ACTIVITY. Please print, exactly, only the lines in the entries below from the line that has "Welcome to another" through the line that has "There can be". Pictures don't go in.

INPUT RECORDS.

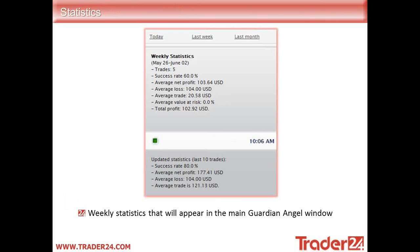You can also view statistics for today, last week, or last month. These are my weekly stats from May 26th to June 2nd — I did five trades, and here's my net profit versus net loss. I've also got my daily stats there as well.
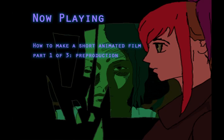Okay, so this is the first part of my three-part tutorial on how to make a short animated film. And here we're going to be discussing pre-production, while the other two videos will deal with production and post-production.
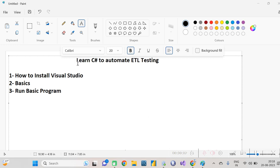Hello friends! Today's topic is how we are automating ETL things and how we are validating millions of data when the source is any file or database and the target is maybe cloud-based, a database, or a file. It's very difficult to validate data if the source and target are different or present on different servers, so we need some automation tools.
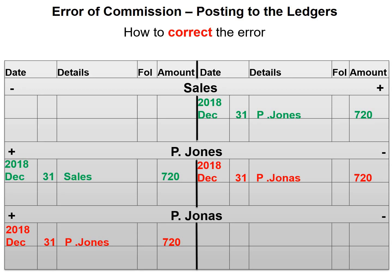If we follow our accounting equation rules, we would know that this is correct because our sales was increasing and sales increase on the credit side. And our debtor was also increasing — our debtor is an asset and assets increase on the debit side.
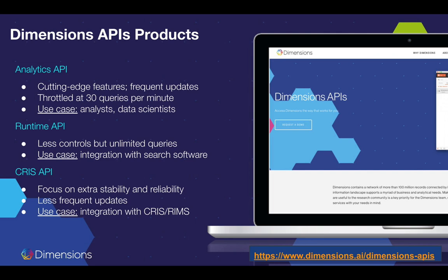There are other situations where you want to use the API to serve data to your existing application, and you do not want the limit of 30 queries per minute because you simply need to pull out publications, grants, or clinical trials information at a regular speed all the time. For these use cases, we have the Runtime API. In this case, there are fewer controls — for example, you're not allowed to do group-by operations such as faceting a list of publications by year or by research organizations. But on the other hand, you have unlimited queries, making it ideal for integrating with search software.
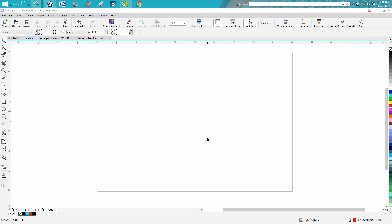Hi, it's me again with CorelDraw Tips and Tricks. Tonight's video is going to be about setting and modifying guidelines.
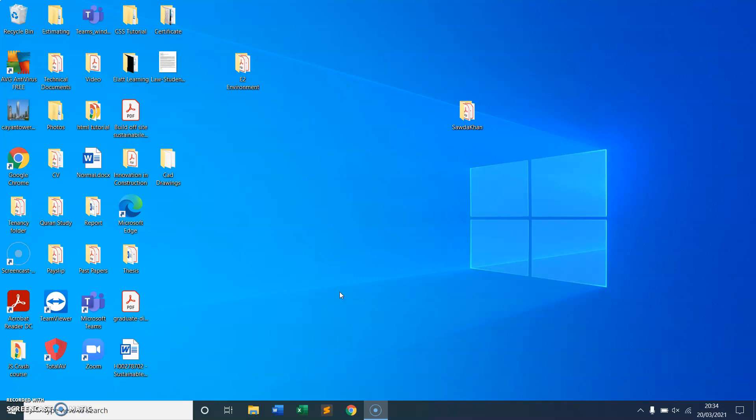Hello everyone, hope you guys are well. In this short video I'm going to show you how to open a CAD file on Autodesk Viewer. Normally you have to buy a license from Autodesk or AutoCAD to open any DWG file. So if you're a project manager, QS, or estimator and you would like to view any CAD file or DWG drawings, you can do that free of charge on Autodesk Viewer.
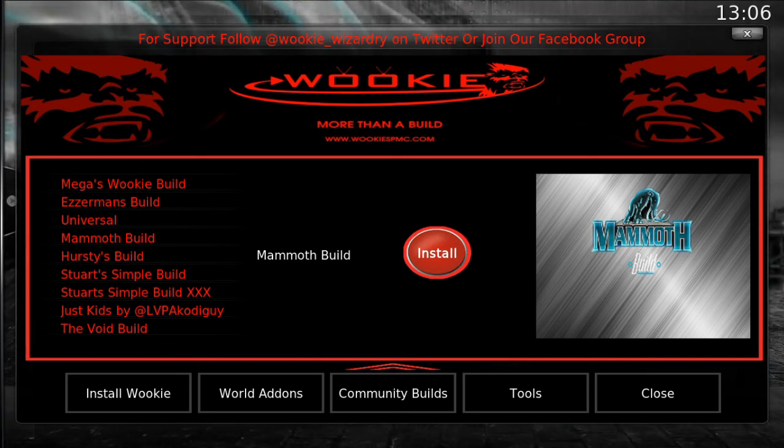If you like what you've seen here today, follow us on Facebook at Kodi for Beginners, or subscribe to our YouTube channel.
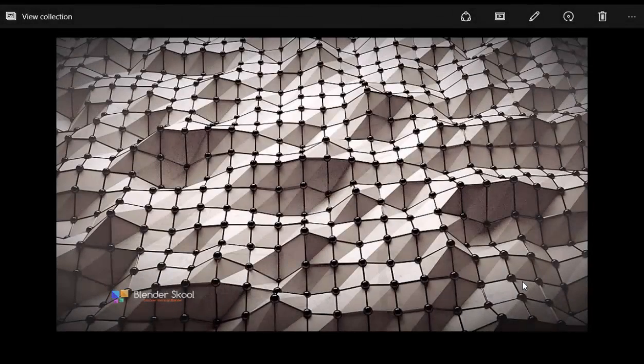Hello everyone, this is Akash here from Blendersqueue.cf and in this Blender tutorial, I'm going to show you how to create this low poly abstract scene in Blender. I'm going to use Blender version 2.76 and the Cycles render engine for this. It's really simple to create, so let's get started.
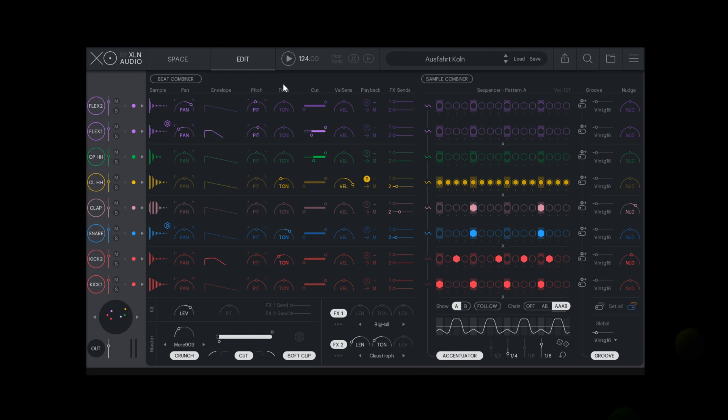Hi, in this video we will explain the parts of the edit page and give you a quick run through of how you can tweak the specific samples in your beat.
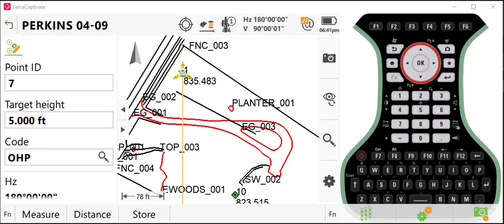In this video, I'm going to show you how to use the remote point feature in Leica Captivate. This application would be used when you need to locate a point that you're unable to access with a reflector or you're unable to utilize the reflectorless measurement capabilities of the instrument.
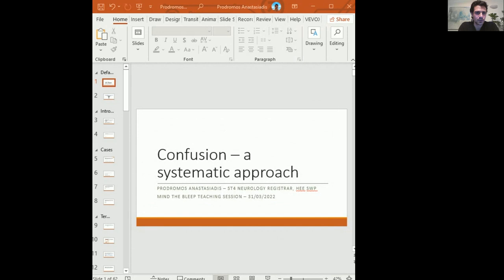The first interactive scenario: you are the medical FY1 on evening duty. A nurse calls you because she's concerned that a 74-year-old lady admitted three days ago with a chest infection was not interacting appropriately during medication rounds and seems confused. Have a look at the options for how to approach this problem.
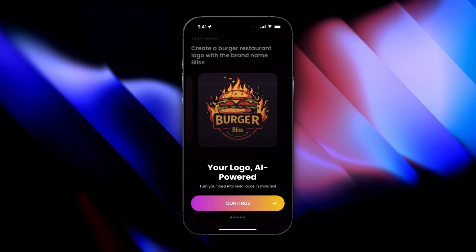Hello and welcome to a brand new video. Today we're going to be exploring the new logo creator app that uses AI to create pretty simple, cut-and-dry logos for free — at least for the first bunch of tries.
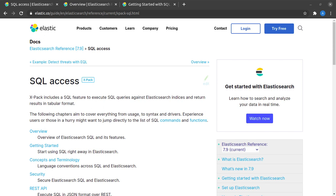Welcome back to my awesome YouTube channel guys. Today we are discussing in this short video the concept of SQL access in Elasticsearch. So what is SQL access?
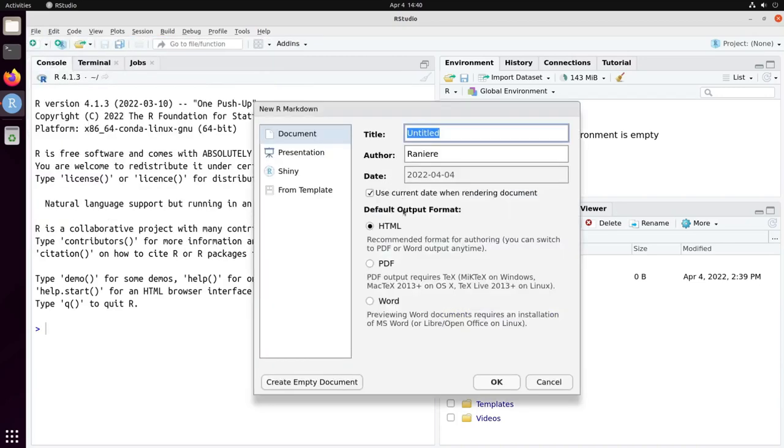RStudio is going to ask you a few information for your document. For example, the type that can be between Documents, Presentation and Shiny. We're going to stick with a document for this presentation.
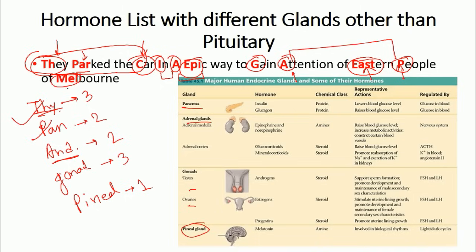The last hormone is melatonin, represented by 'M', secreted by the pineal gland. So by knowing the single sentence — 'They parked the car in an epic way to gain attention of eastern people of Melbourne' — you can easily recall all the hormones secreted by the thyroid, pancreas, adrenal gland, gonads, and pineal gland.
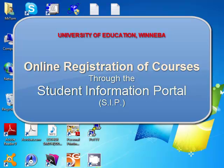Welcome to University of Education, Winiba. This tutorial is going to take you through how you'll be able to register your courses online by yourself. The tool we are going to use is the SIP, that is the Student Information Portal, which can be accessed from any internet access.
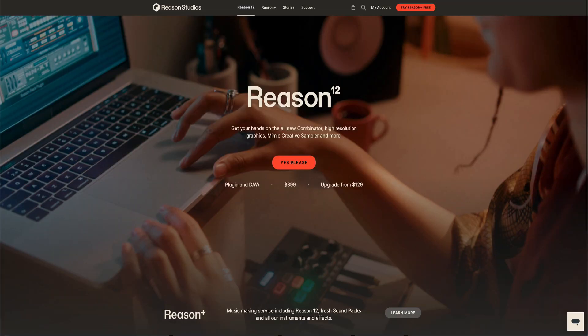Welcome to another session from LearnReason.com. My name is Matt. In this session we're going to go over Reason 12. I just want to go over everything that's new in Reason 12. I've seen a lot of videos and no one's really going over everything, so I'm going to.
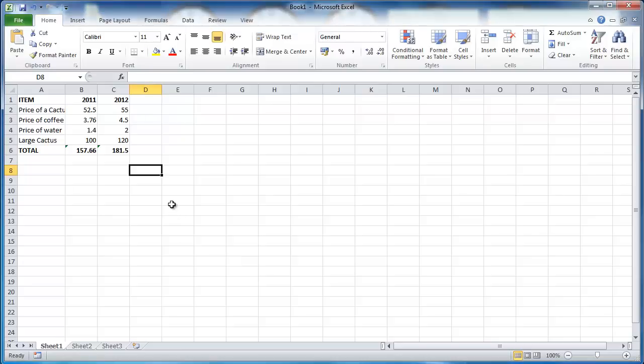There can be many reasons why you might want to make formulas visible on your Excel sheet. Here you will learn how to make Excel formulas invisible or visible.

---

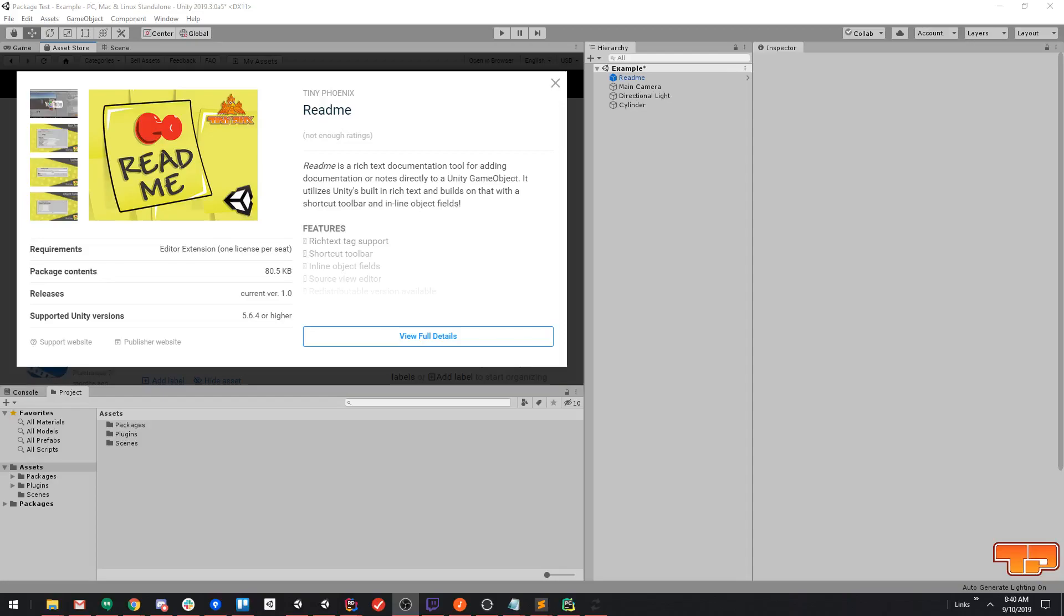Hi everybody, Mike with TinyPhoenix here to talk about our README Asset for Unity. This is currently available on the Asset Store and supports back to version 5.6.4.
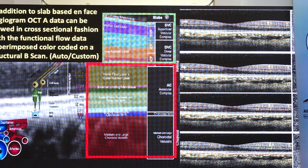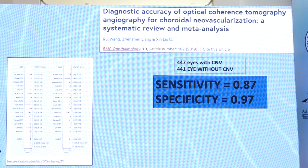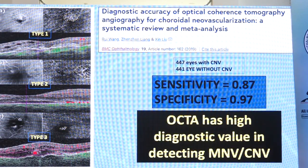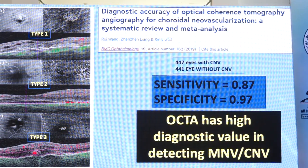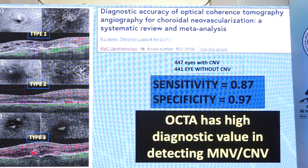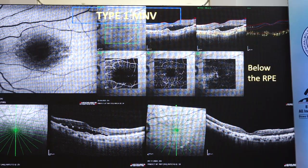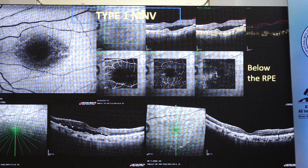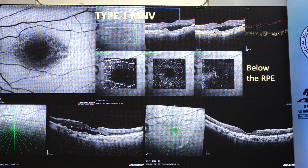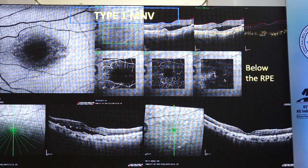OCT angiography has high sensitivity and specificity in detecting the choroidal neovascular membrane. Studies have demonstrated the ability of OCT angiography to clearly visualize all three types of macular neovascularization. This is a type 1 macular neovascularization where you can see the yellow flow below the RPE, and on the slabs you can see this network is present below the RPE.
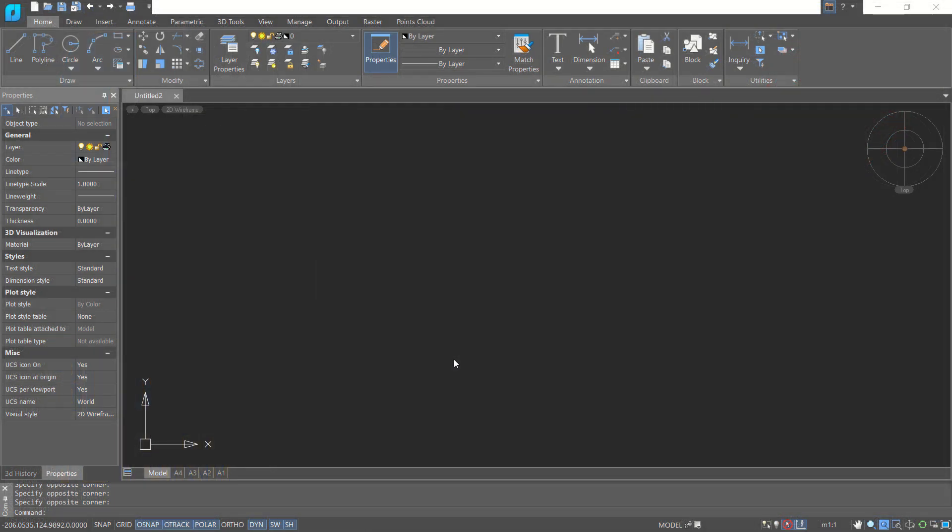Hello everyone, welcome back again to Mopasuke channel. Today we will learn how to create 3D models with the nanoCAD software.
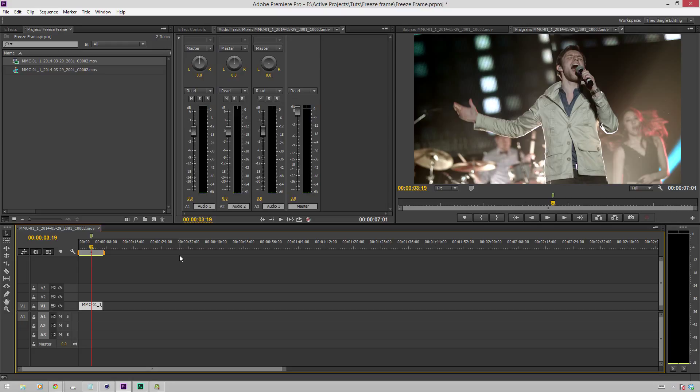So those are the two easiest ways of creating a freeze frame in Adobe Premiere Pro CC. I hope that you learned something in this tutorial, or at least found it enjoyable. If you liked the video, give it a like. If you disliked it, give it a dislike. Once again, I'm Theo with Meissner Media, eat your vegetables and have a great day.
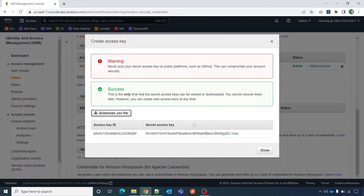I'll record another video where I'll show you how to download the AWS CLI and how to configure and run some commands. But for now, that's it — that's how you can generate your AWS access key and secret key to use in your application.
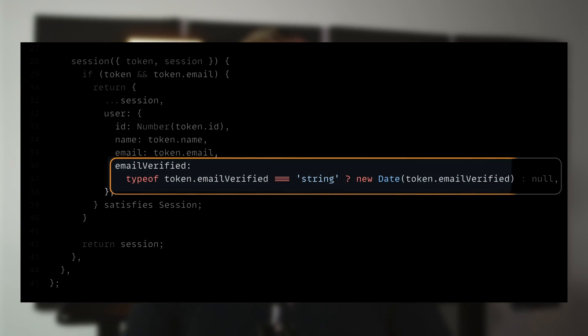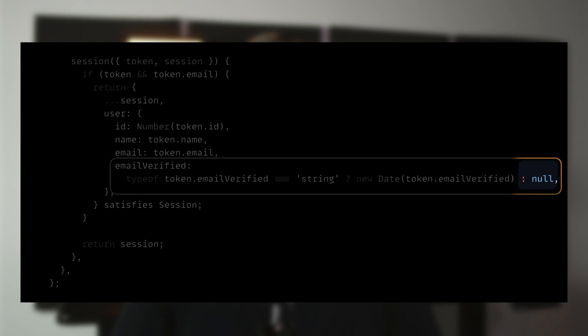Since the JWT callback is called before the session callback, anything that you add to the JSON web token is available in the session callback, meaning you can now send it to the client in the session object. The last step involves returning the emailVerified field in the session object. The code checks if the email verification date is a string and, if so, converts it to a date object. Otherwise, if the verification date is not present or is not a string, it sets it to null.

TASK OUTPUT.
Welcome to another session from LearnReason.com. My name is Matt. In this session we're going to go over Reason 12. I just want to go over everything that's new in Reason 12. I've seen a lot of videos and no one's really going over everything, so I'm going to.
There can be many reasons why you might want to make formulas visible on your Excel sheet. Here you will learn how to make Excel formulas invisible or visible.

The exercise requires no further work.